For a moment it made sense. Then it was crazy. Mona
Crawford was the Little Guy’s girl friend. So he gets her to get Madeline to hire me to look for it. That would make sense. But it was crazy: because at that time the Little Guy didn’t have to hire anybody to look for it. He had it. Then I remembered. There was a middle guy. Somebody else had had that bag. For a very short time. In between possession by Viggy and possession by the Little Guy, there had been possession by another, principal or emissary — transient as a floating crap game, but possession — until a soft conk on the head had helped him relinquish it.
Then something clicked inside of me.
Stingily and tinily.
But suffocatingly.
I let it wait. I said, “What happened after I brought you the bag?”

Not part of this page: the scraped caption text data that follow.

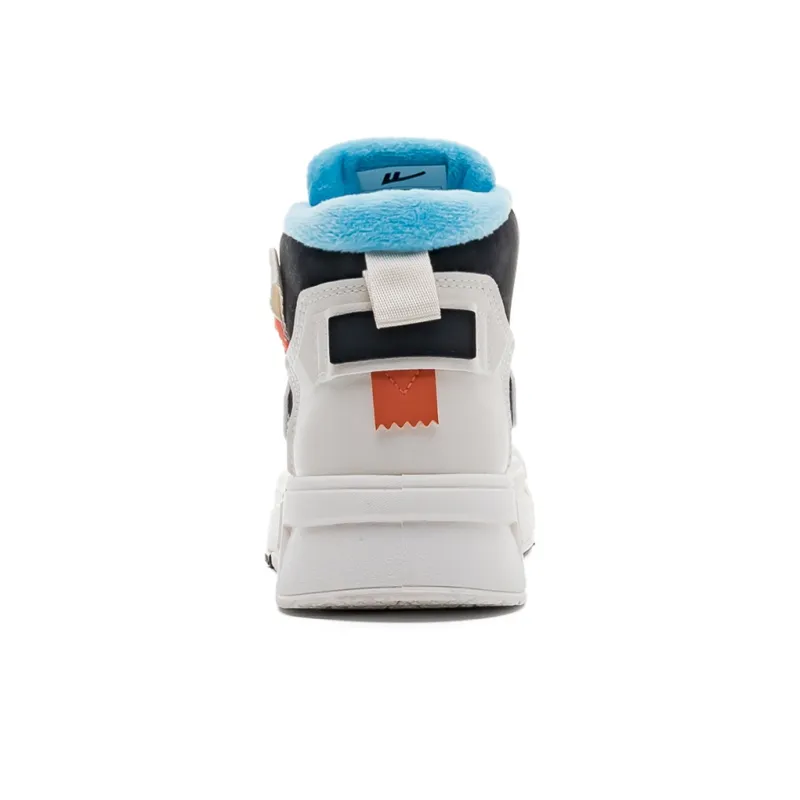 WARRIOR Wing Series Skateboard Shoes Unisex High Top Black, Orange-3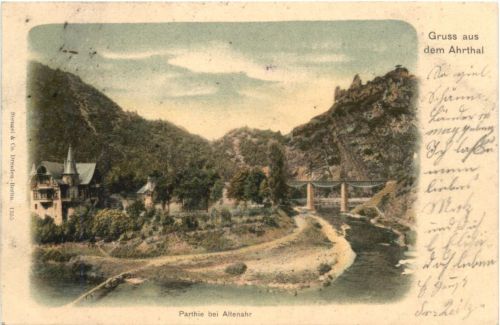 Gruss aus dem Ahrtal bei Altenahr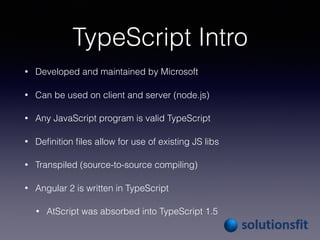 Ionic 2: The Power of TypeScript | PPT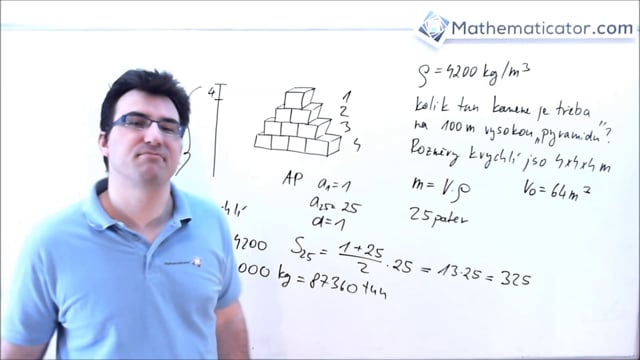 Řešené příklady 7 - Aritmetická posloupnost - pyramida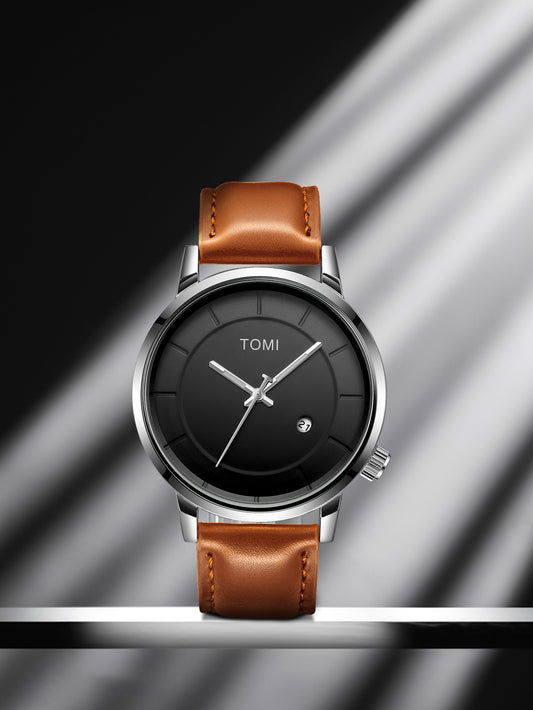 Montre à Quartz pour hommes d'affaires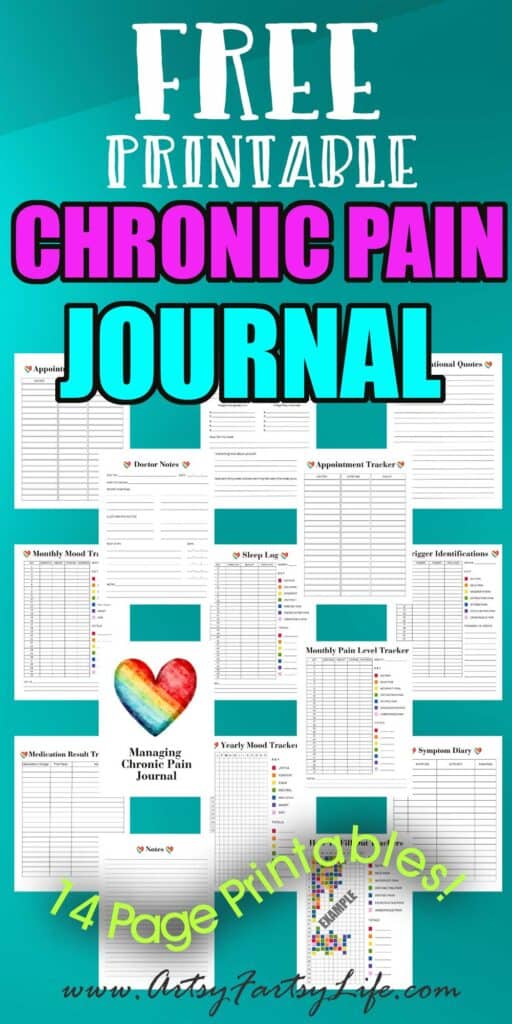 Chronic Pain Journal - Free Printable!
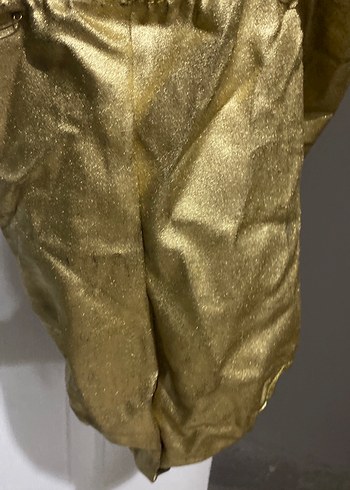 Parlak Altın Renkli Bebek Taşıma Askısı - Görsel 4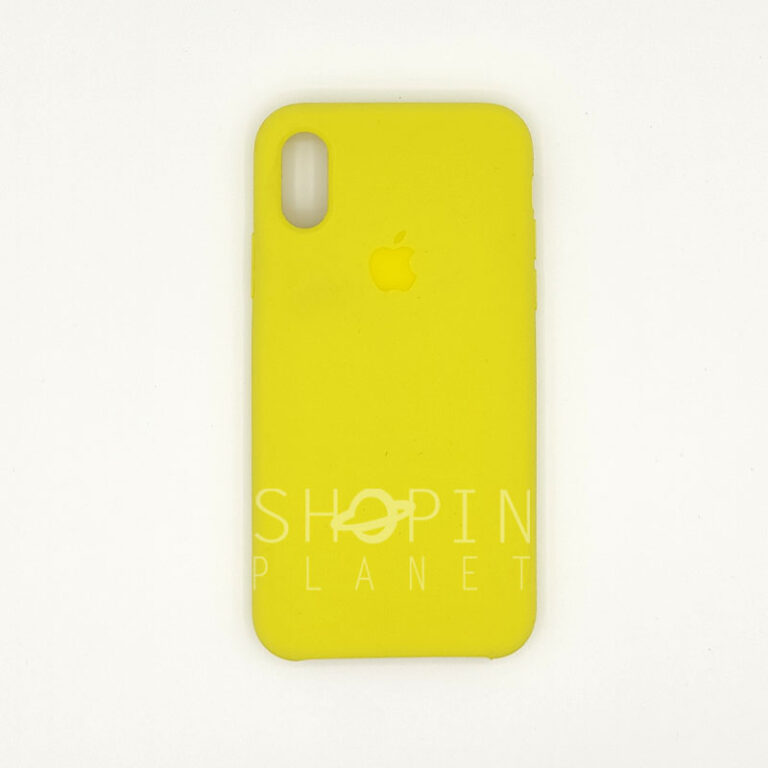 iPhone X Silicone Case Lime Yellow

“I called Mona and I told her. She came home. I repeated your grisly story and I told her we were to wait for your friend. I was frightened. For her. I asked her about it. She wouldn’t tell me. She was upset. Then Olafson called me with this thing. I left it with Mona. She promised to wait for you. She was very much interested. I didn’t worry. Wild, yes. But ruggedly honorable, when it was important.”
She closed her eyes. She drooped like a drunk’s cigarette.
It clicked again. Urgently.
I’ve got a sweetheart and a boy friend. Now, I’ve got you. Too.
Very slowly I said, “Look, that thing. ‘To Mad, with love’ on your cabinet. You didn’t know the guy after all?”
She didn’t open her eyes. She didn’t answer.
“You did that for your protégé. Probably one of the reasons she wanted you to live there. Sort of decoy in case of trouble. If the Little Guy ever walked in on them, upstairs; well, he’s Madeline’s boy friend, not mine. Just kind of keeping him company up here, and if you don’t believe it come on downstairs, and ask Madeline. If she’s there. Look at the photo down there — 'To Mad, with love.’ Be yourself. Right girl, wrong guy.”
I said, “Well?” and I slithered my toes around in my sweating socks.